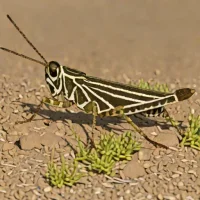 Whitecrossed grasshopper (Hadrotettix trifasciatus)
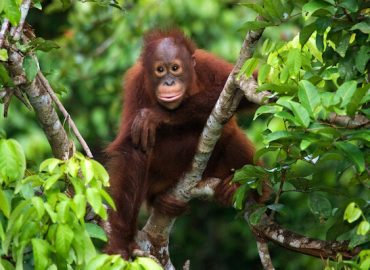 Sepilok Orangutan Rehabilitation Centre, Sabah
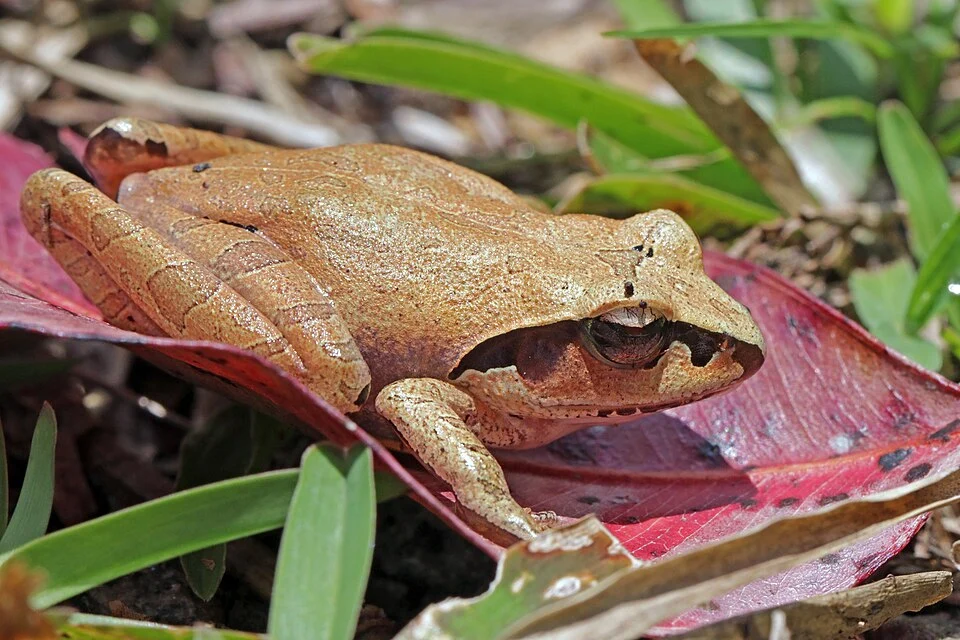 Madagascar jumping frog (Aglyptodactylus madagascariensis) Ranomafana National Park, Madagascar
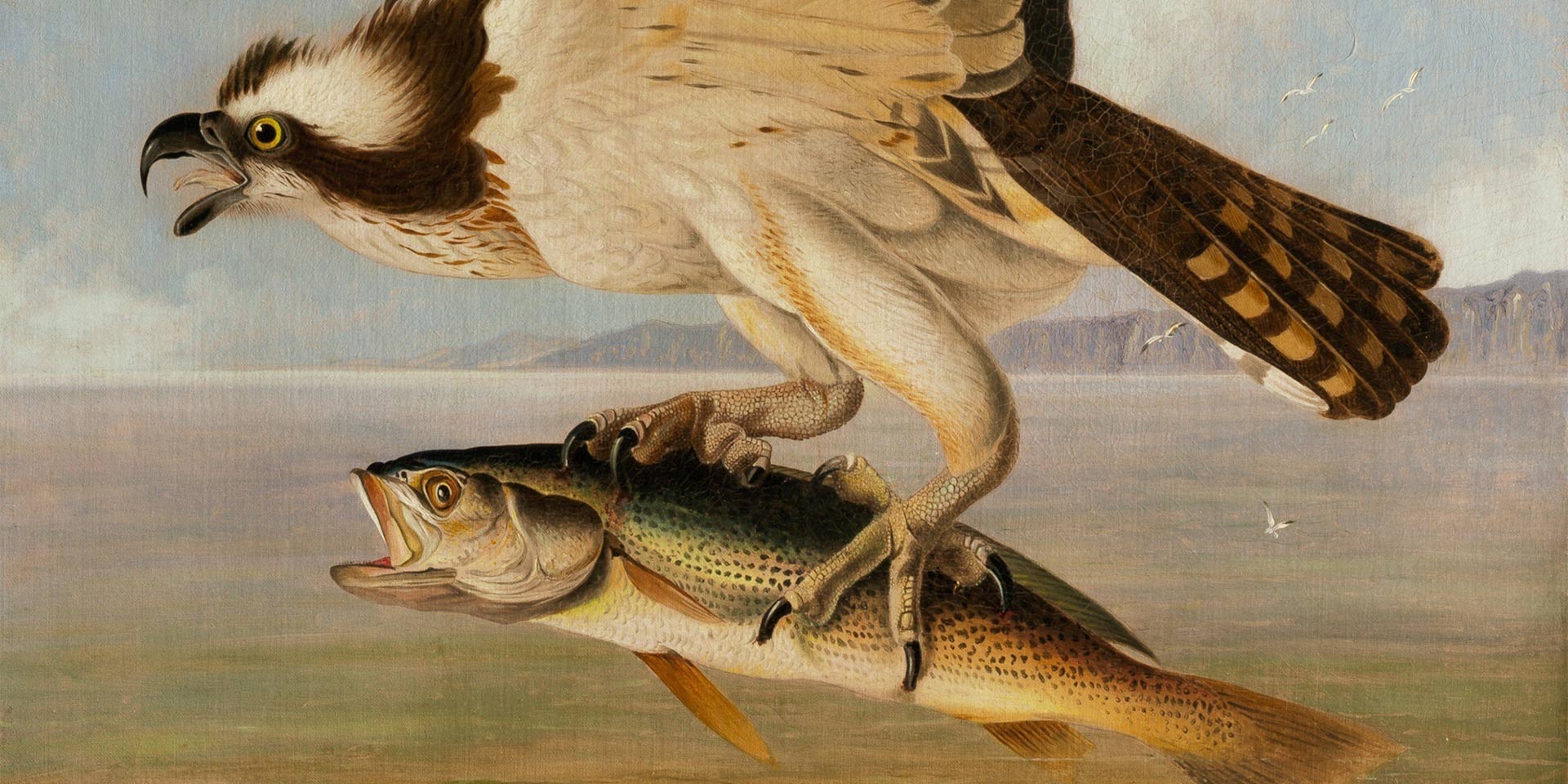 a painting of a bird carrying a fish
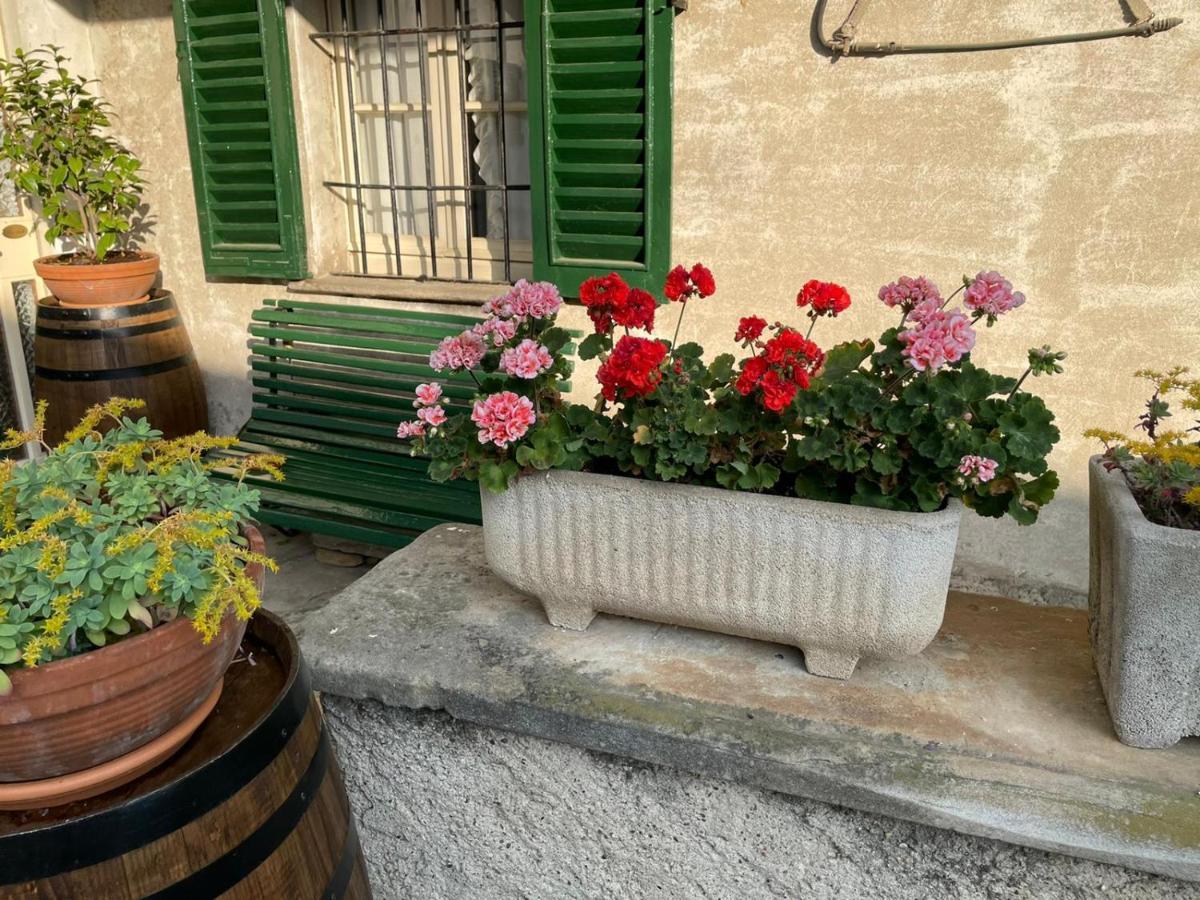 The Montevecchia Home - Frida Apartment Eksteriør billede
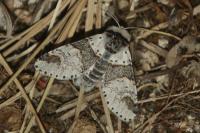 Furcula furcula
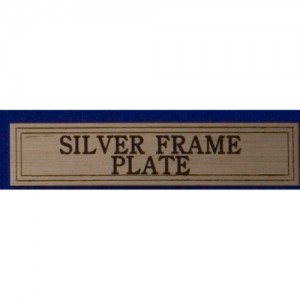 Silver Frame Name Plate w/ Adhesive Backings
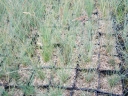 rośliny ogrodowe - Kostrzewa popielata Intense Blue (Festuca glauca) P11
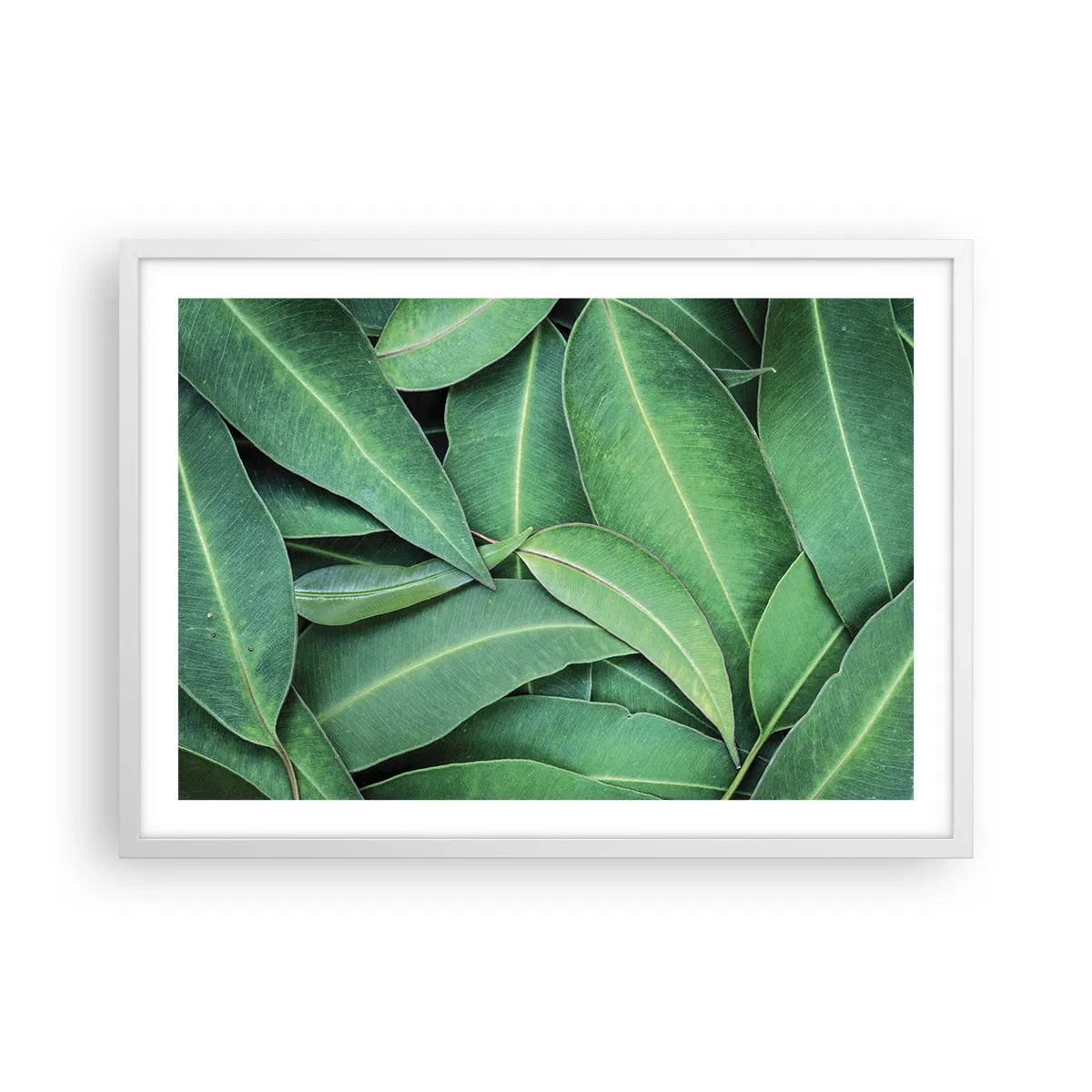 Poster in cornice bianca - Succosi e freschi - 70x50 cm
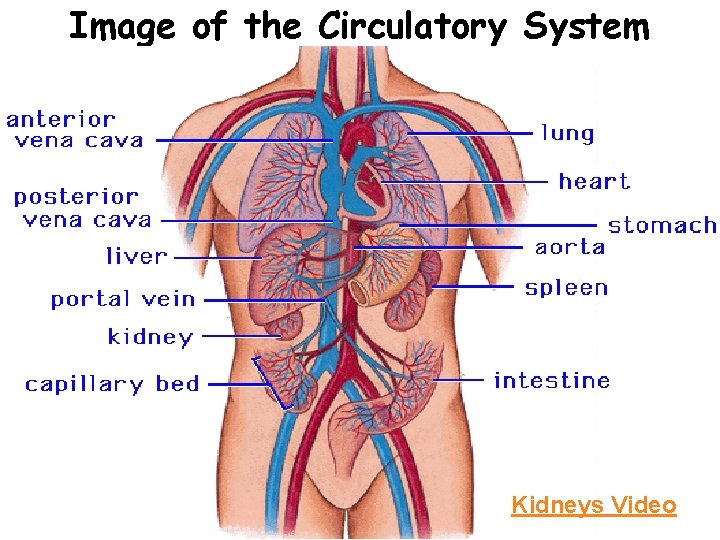 Image of the Circulatory System Kidneys Video 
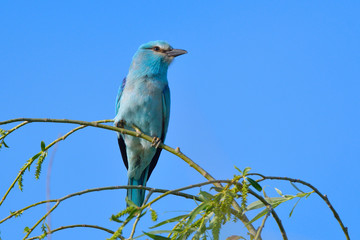 European blue roller on a branch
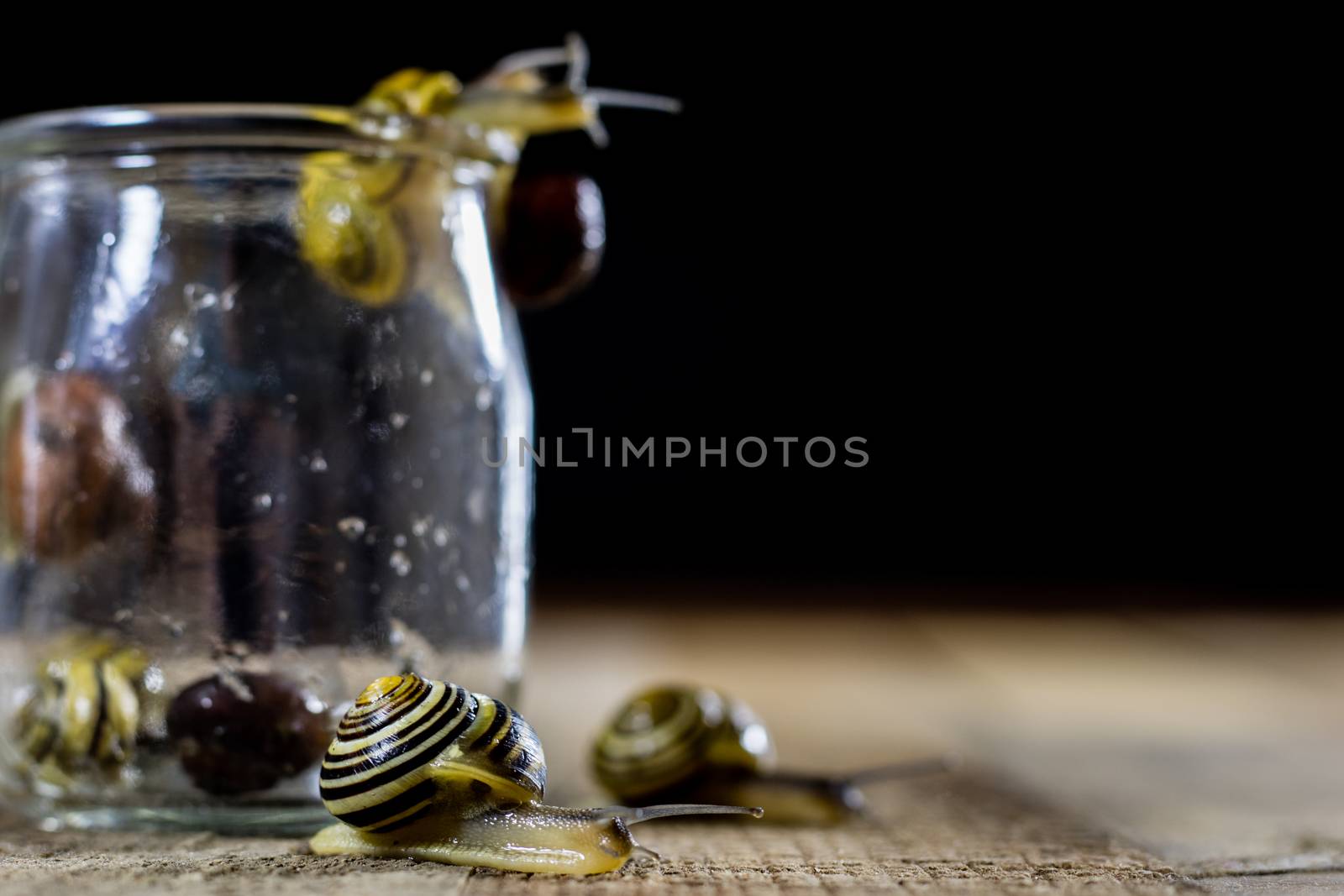 Colorful snails big and small in a glass jar. Wooden table, black background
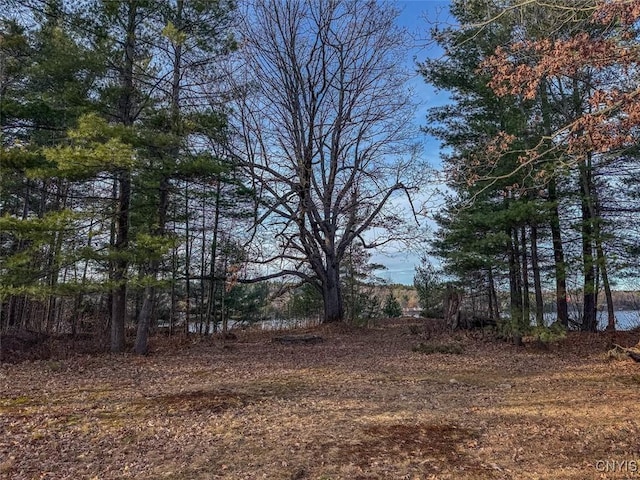 Sweet Point Rd, Theresa, NY 13679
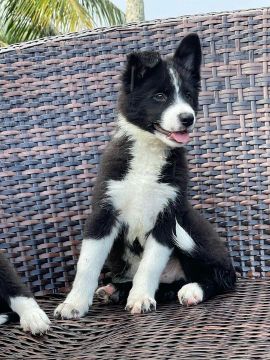 Filhote Border Collie - Machos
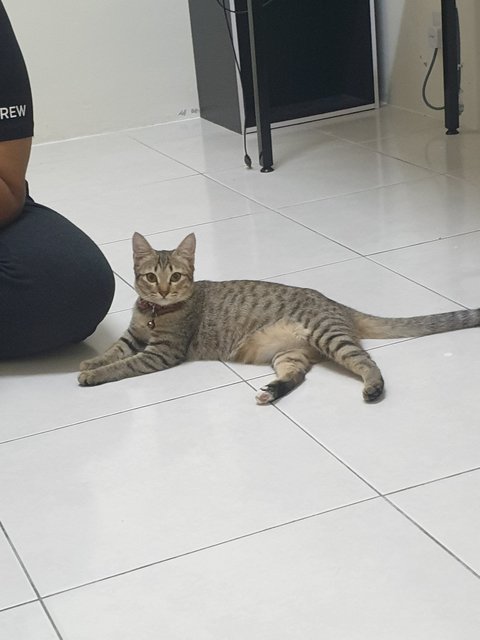 Mei Ling, Charcoal Raj, Nur Naala - Domestic Medium Hair + Calico Cat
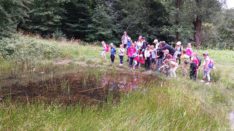 WhatsApp Image 2025-08-29 at 08.53.39 (1)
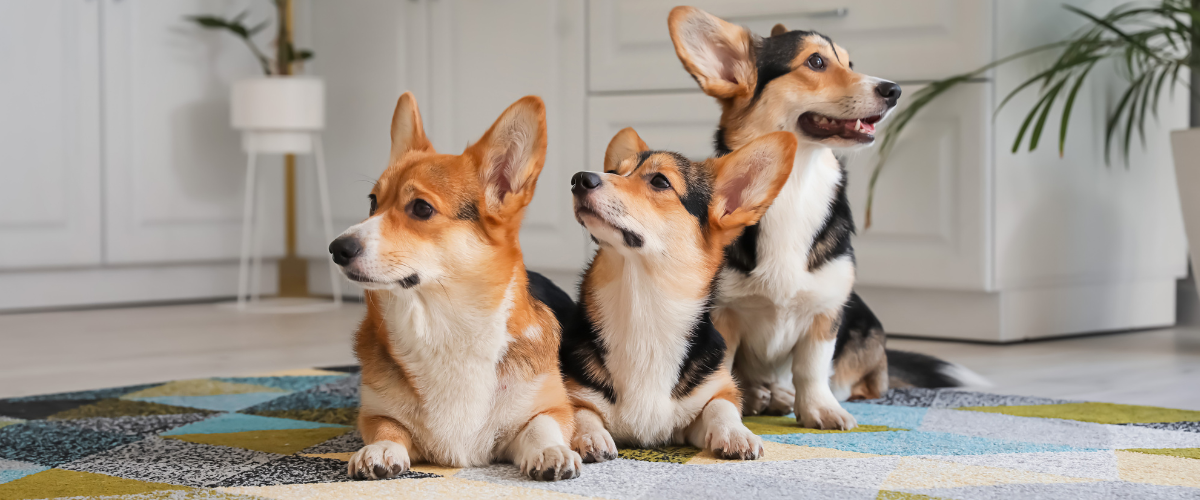 Waarom weigert mijn hond zijn voeding? Mogelijke redenen voor voedselweigering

------------------------------------

What you are asked to do:
From the first line above to the last, reproduce the records exactly but without the pictures.

Solution for this exercise:
 Whitecrossed grasshopper (Hadrotettix trifasciatus)
 Sepilok Orangutan Rehabilitation Centre, Sabah
 Madagascar jumping frog (Aglyptodactylus madagascariensis) Ranomafana National Park, Madagascar
 a painting of a bird carrying a fish
 The Montevecchia Home - Frida Apartment Eksteriør billede
 Furcula furcula
 Silver Frame Name Plate w/ Adhesive Backings
 rośliny ogrodowe - Kostrzewa popielata Intense Blue (Festuca glauca) P11
 Poster in cornice bianca - Succosi e freschi - 70x50 cm
 Image of the Circulatory System Kidneys Video 
 European blue roller on a branch
 Colorful snails big and small in a glass jar. Wooden table, black background
 Sweet Point Rd, Theresa, NY 13679
 Filhote Border Collie - Machos
 Mei Ling, Charcoal Raj, Nur Naala - Domestic Medium Hair + Calico Cat
 WhatsApp Image 2025-08-29 at 08.53.39 (1)
 Waarom weigert mijn hond zijn voeding? Mogelijke redenen voor voedselweigering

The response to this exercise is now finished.